Fig. 4: Data-driven equation discovery approaches in geosciences.
figure 4

The approaches can be divided into two main categories: symbolic regression and sparse selection algorithms. It is noted that some methods inherently utilise deep learning techniques as part of their core algorithms. At the same time, some can be structured to be compatible with deep learning, allowing for integration that enhances their capabilities. A detailed description of each approach is given in Supplementary Note 1.

The benchmarks of accuracy, speed, and tolerance to data noise for symbolic regression methods63,64,65,66 and sparse regression67 have been performed. It has shown that sparse regression has a low computational cost and few hyperparameters. In contrast, symbolic regression approaches provide an opportunity to discover underlying equations with complex structures, while the main limitation is computational cost. Deep learning-based approaches are more robust to noisy and sparse data such as deep reinforcement learning. They are therefore recommended to deal with geoscientific applications where flawed datasets are common43. In terms of required prior information, sparse regression needs more ___domain expert input and assumptions, such as the general form of the underlying governing equations. Therefore, sparse regression could fail if incorrect or incomplete prior information is introduced, i.e., the candidate library matrix in sparse regression36. In contrast, symbolic regression can realise learning from scratch, while we can incorporate some physical information in different ways to discover the underlying equations accurately.

Nowadays, most of the proposed algorithms have open-source code available. For example, PySR and SymbolicRegression.jl68, implemented in the Python and Julia languages, encapsulate symbolic regression methods. PySindy69, developed in Python, can be used for sparse regression. These tools can significantly lower the technical barriers to implementing advanced and complex algorithms, paving the way for geoscientists to engage in data-driven equation discovery. It is worth noting that this field is rapidly evolving, so close attention is necessary to obtain algorithms with superior performance, especially considering accuracy, speed, and robustness.

Opportunities for advancing geosciences

Data-driven equation discovery provides promising opportunities for advancing geosciences. Figure 5 summarizes these aspects, and the detailed descriptions are as follows.
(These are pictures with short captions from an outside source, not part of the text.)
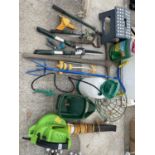 A COLLECTION OF GARDEN HAND TOOLS AND HARDWARE TO INCLUDE PICK AXE. ETC
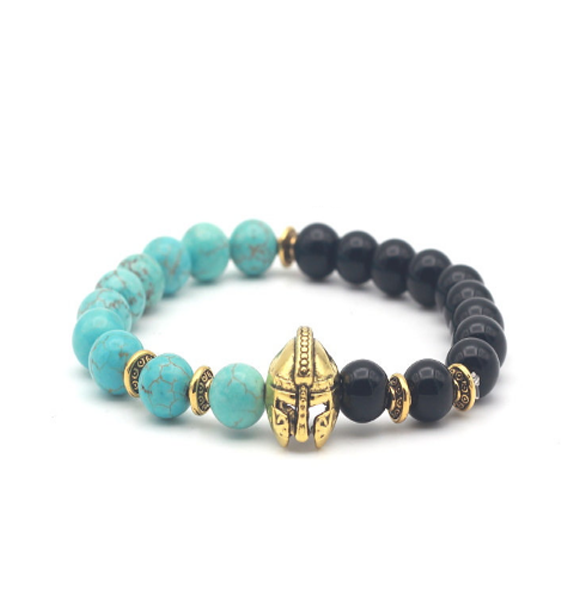 Brotherhood Collection Black/Turquoise Stone Gold Series Bracelet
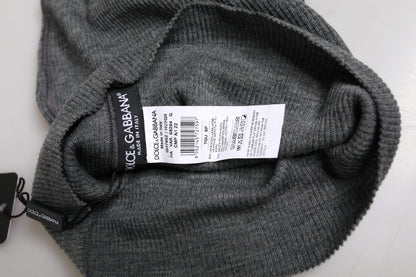 Dolce & Gabbana Gray Wool Blend Knitted Beanie Cap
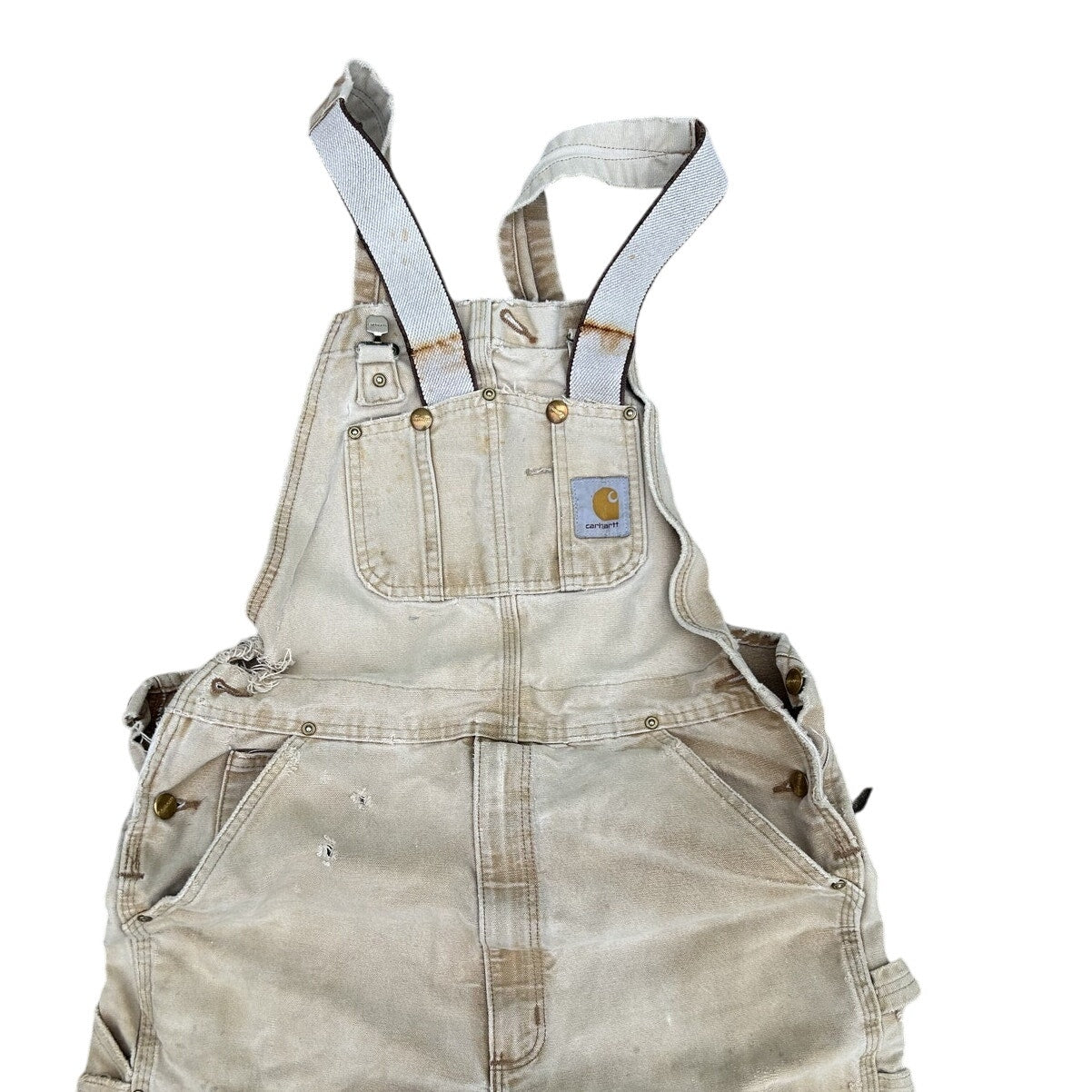 Distressed Carhartt Double Knee Bib Overalls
Fig. 5: The overview of opportunities for using data-driven equation discovery to advance geosciences.
figure 5

Based on various datasets collected in the Earth system, data-driven discovery is expected to discover new equations, thereby enhancing existing equations, model transparency, and finally accelerating scientific discoveries. In turn, it will also facilitate the collection of higher-quality data.
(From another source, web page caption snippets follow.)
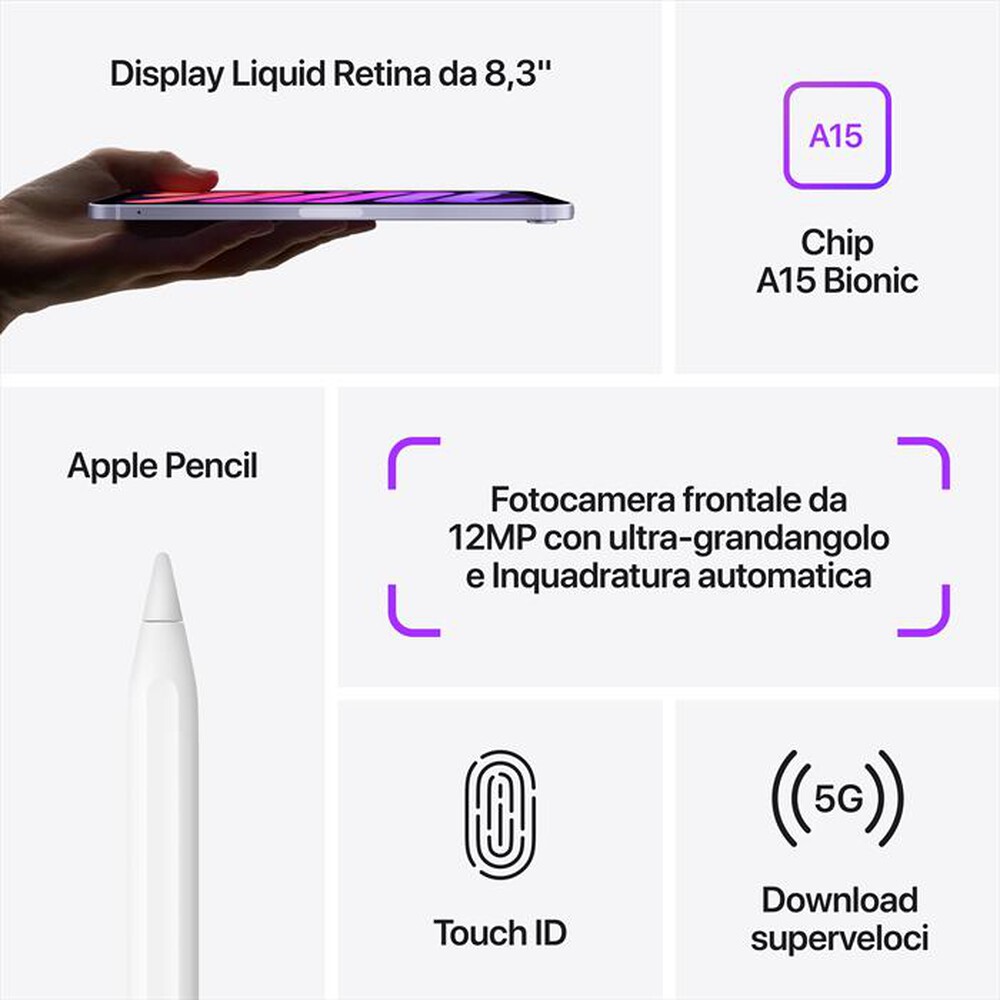 "APPLE - iPad mini Wi-Fi + Cellular 64GB-Purple"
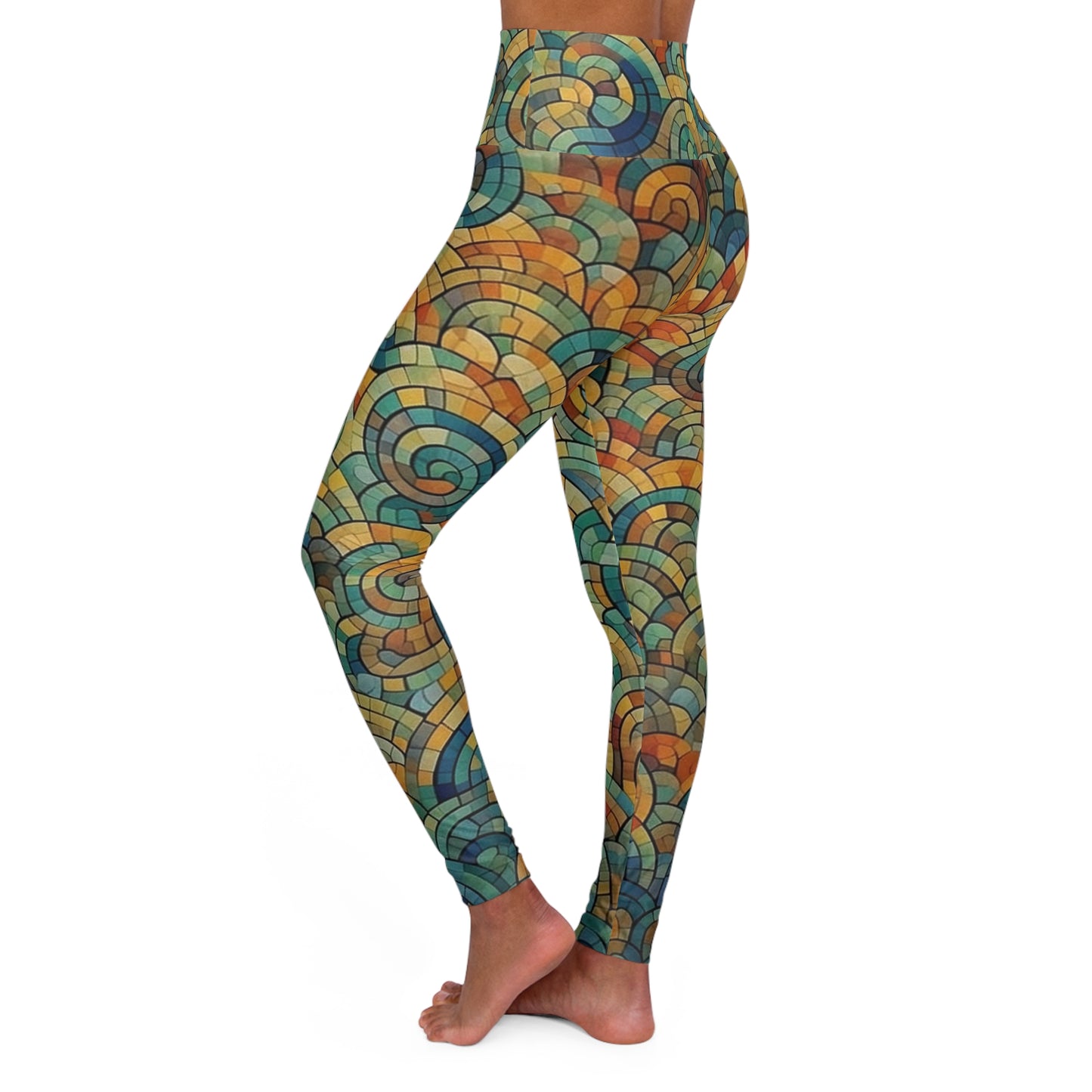 High Waisted Leggings - PointillistNebula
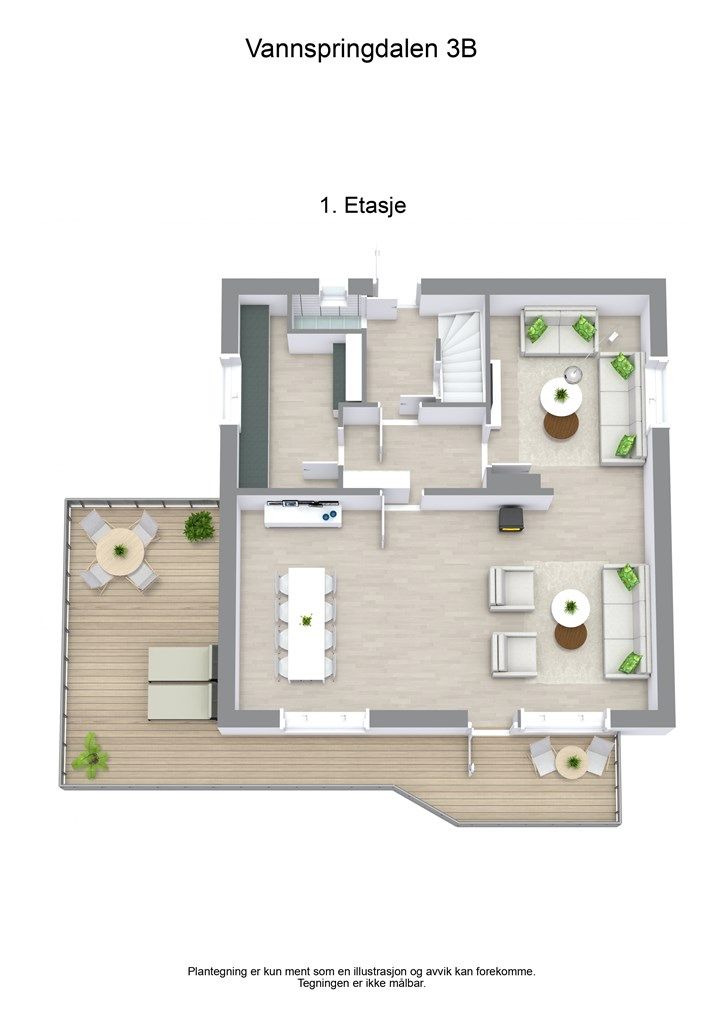 3 D planløsning 1. etasje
Enhancing classical governing equations

The conventional derivation of equations inevitably involves a degree of empiricism, such as selecting and defining variables, conditional assumptions, and simplifications. The new paradigm offers an alternative to these locally empirical methods and promotes improved subsequent derivation, leading to better structure governing equations. For example, it allows the exploration of improved forms of water retention curve equations in subsurface hydrology70 or the study of moisture sensitivity of soil heterotrophic respiration71.

Replacing black-box models with explicit expressions

Due to long-standing challenges in parameter calibration and estimation and precision issues, many geoscience equations are being replaced by black-box models, such as those based on machine learning. Through the data-driven discovery paradigm, it is possible to derive equation models that maintain consistent performance and offer greater interpretability and physical relevance. For instance, in hydrology, this approach allows for deriving hydro-pedotransfer functions with precise and explicit forms72. Additionally, these explicit governing equations may facilitate a more straightforward assessment of potential underlying biases learned from the data, offering an advantage over the opacity of black-box models. For instance, recently, it showed that data-driven equation discovery can learn new physics for the atmosphere and replace costly modules in cloud parameterizations16,47.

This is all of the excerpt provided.